The function plot_bar_subplots
allows the user to make bar graphs that will represent the percentage of a particular value for a feature.
plt.rcParams.update({"figure.max_open_warning": 0})
def plot_bar_subplots(sub_df, width, height, bar_height):
features = sub_df.columns
height = height * len(features)
fig, ax = plt.subplots(len(features), 1, figsize=(width, height))
for i in range(len(features)):
feature_freqs = sub_df[features[i]].value_counts(normalize=True) * 100
feature_freq_df = pd.DataFrame(
feature_freqs.sort_index(inplace=False, ascending=True)
).reset_index()
g = sns.barplot(
x=features[i],
y="index",
data=feature_freq_df,
ax=ax[i],
orient="h",
dodge=False,
)
ax[i].set_ylabel(features[i], fontsize=20, va="center")
ax[i].tick_params(axis="y", which="minor")
ax[i].set_xlim(0, 100)
ax[i].set_xlabel("Normalized Value Counts (%)", fontsize=20)
ax[i].set_title(features[i], fontsize=30)
def change_height(ax, new_value):
for patch in ax.patches:
patch.set_height(new_value)
change_height(g, bar_height)
fig.tight_layout()
def plot_bar(dataframe, n):
features = dataframe.columns
is_numeric_col = d.dtypes.apply(lambda x: np.issubdtype(x, np.number))
df_features = pd.DataFrame(is_numeric_col)
numerical_features = [x for x in features if df_features.T[x][0] is True]
categorical = [x for x in features if x not in numerical_features]
small_features = [
feature for feature in categorical if len(dataframe[feature].unique()) < n
]
large_features = [x for x in categorical if x not in small_features]

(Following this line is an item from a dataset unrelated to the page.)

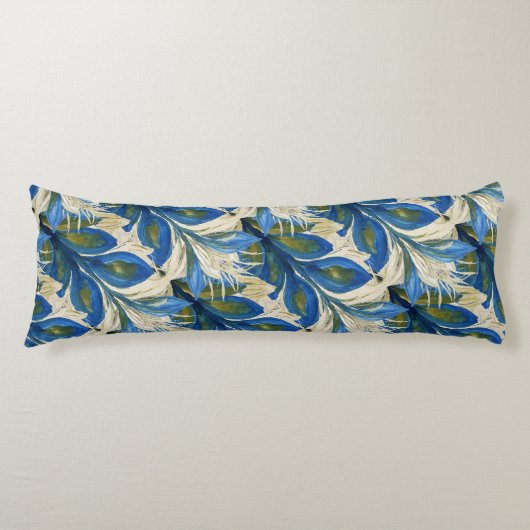 青い孔雀の羽の水の色の手絵を描 ボディピロー (正面)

dataframe[numerical_features] = (
dataframe[numerical_features].replace(["NA", "Variable"], "0").astype("float")
)
## Plots for features with numerical values
plot_bar_subplots(dataframe[numerical_features], 30, 30, 0.6)
## Plots for features with many values
plot_bar_subplots(dataframe[large_features], 30, 120, 0.6)

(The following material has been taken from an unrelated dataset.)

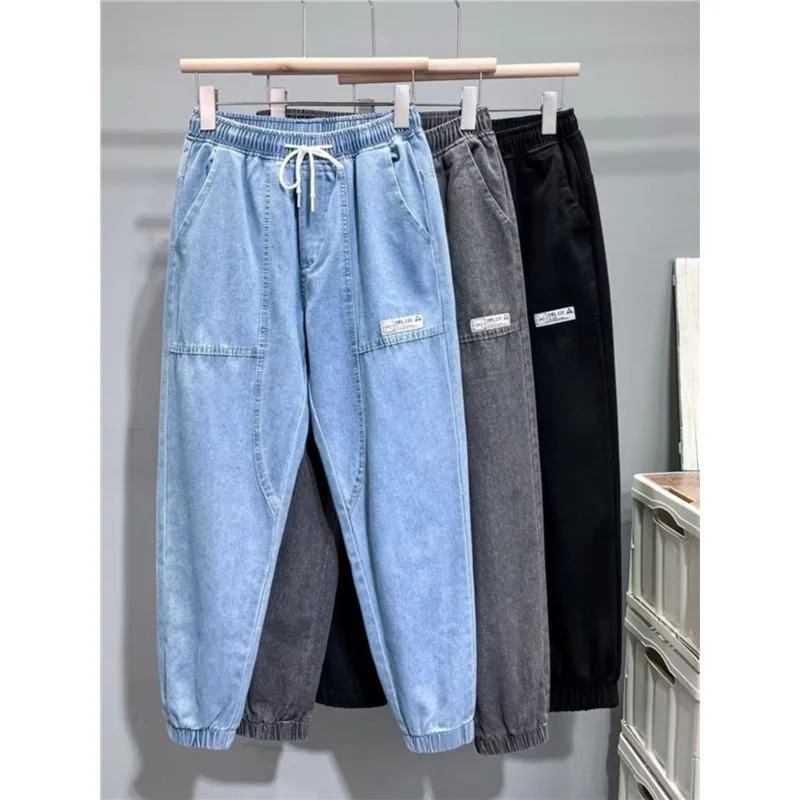 

Casual Loose Fit Men's Jeans Elastic Waist Workwear Harlan Pants Construction Site Labor Protection Wear Resistant Work Trousers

## Plots for features with less values
plot_bar_subplots(dataframe[small_features], 40, 7, 0.6)
Implementing the function plot_bar
on the given dataset.
- Removing some "all unique" kind of features to avoid disturbance in the graphs.

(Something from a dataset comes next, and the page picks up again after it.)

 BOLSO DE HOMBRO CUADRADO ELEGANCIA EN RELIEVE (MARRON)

df_graph = df.copy() # removing all unique values for simplification purposes
df_graph = df_graph.reset_index()
df_graph.drop(columns=["id", "instancesku", "usagetype", "index"], inplace=True)
df_graph.dropna()
dd = pd.DataFrame(df_graph)
plot_bar(dd, 30)
<Figure size 2160x0 with 0 Axes>
- The above shown bar graphs represent frequency distribution for each feature.
- The x-axis represents the number count or percentage of occurrences in the data for each column and can be used to visualize data distributions.
- The y-axis represents the various values a features may have.